City Guide to Edinburgh, Scotland

City Guide to Edinburgh, Scotland

Cross Purpose Review

By Alex Eades - Posted on 08 August 2009

Show details
Finda Penny
Running time: 
Sophy Westendarp (Director, Producer), Marcia Doyle (Design), Sam Freeman (Production Assistant).
Beth Richards (Martha), Elesa Bryers (The Mother), Sam Freeman (Jan), Heida Reed (Maria), Jackson Milner (The Manservant).

Albert Camus is one of those writers that I always wanted to get into. Much like Orwell and Kafka, he was on my ‘must read' list after finally escaping the hierarchy of secondary education.
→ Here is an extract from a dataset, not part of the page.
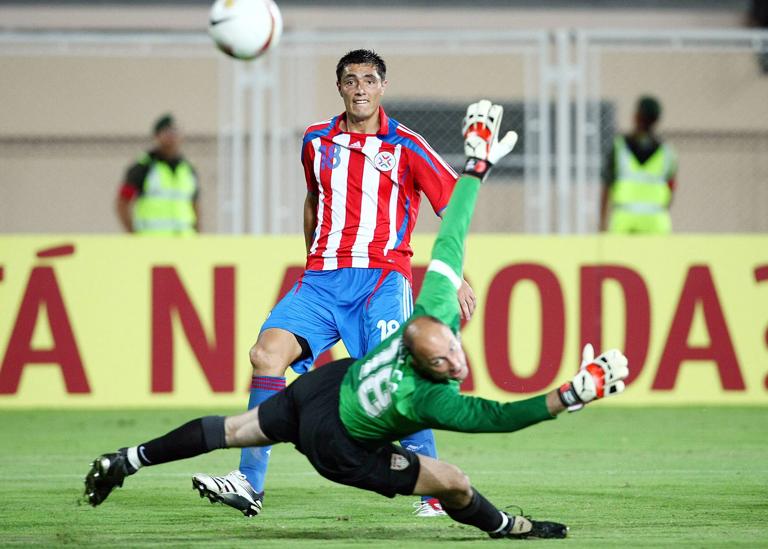 Bildnummer: 02935782  Datum: 02.07.2007  Copyright: imago/Ulmer
Oscar Cardozo (Paraguay) erzielt das 2:1 - Torwart Kasey Keller (USA) chancenlos; USA - Paraguay 1:3, Nationalmannschaft, Nationaltrikot, Aufmacher, Casey, Vdig, quer, Duell, Ball, Tor, Treffer, Gegentor Copa America 2007, Amerika, S&uuml;damerikameisterschaft, S&uuml;damerika, Meisterschaft, Gruppe C, Barinas Dynamik,  Fu&szlig;ball L&auml;nderspiel Herren Mannschaft Gruppenbild Aktion Werbemotiv Personen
A literary figure that I must pay particular attention to in order to grow and improve myself as a person, unlike the sorry sheep who are force fed The Lord Of The Flies for an entire year and become completely discouraged from reading and immune to the pleasure of the written word.

I started with The Plague. Catchy title. Not too long. A perfect way to ease myself into the mind of a genius. To date I have read The Plague and . . . The Plague. One and a half times (I carelessly left my copy on a bedside table of a very average hotel room during a brief visit to Rome. I have since forgiven myself, convinced that I have upgraded this temporary accommodation from forgettable shack to warm memory by giving the false impression of intent to encourage the reading of fine literature. Though there are a great many things to do in Rome other than reading and I recommend that you visit at least twice during your lifetime).

So, having achieved my idea of a fine education on all things Camus, I had absolutely no idea whatsoever that he dabbled in and indeed loved the theatre. My confidence was shattered. But, of course, it shouldn't have been. His career in this area was not as fruitful as his other works, producing only a couple of plays worthy of mention. One of which, Cross Purpose, I had the pleasure of viewing this evening.

An ageing mother and her unsatisfied daughter run an inn . . . oh, and they kill their guests. When an inquisitive, wealthy looking man checks in, it's business as usual. But the mysterious gentleman is not all that he appears to be and is there to change their world forever. If he gets the chance.

Bleak, bleak, bleak, bleak, bleak . . . but also rather amusing, Cross Purpose is fine theatre. Expertly acted and finely paced, this dialogue-rich piece keeps you on your toes from the moment the doors open and a hum of dread takes you.

Not a date show and perhaps not a Saturday night pre-club party either, the play is rather deep and thoughtful and can leave you a little breathless towards the end. The play was written in the author's ‘darkest days'. He was not a chirpy chappy.

However, it is still very good and definitely worth a look.